Sleepy Psychotherapists: How Clinicians’ Biological Factors May Affect the Conduct of Psychotherapy

Abstract

Objective:

Numerous therapist variables and cognitive biases can affect the quality of the therapeutic alliance and the conduct and outcomes of psychotherapy. This article aims to examine factors that potentially affect clinician performance, including chronobiological variables of clinicians and patients.

Methods:

The author reviewed literature pertaining to biological influences on human cognitive performance and considered how these factors may apply to the practice of psychotherapy.

Results:

Biological factors potentially affecting the conduct and quality of psychotherapy were identified. These factors include decision fatigue, hunger, sleep deficit, shift work, and several chronobiological issues related to circadian rhythms and episodic ultradian rhythms.
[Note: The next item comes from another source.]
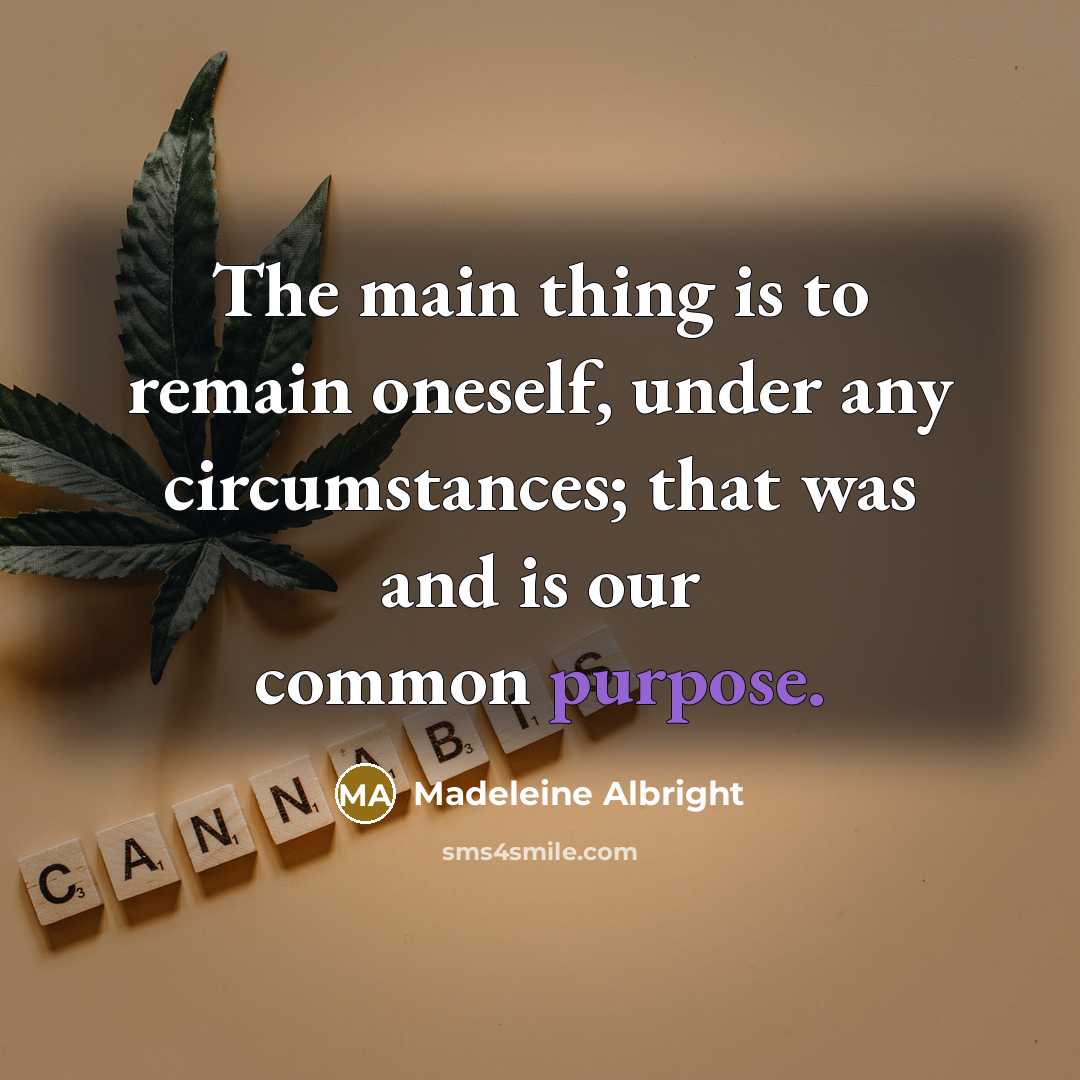 “The main thing is to remain oneself, under any circumstances;…” quote by Madeleine Albright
In addition, misaligned scheduling of psychotherapy sessions in relation to therapist and patient evening-morning chronotypes may impede the effectiveness of psychotherapy.

Conclusions:

The practice of psychotherapy is cognitively demanding, requiring that clinicians remain constantly alert and in command of their executive functions. Decreases in clinician alertness resulting from homeostatic depletion, chronobiologically misaligned schedules, and illness-associated factors may reduce the quality and benefit of psychotherapy sessions. Mitigation strategies are available. Investigations of these factors are needed.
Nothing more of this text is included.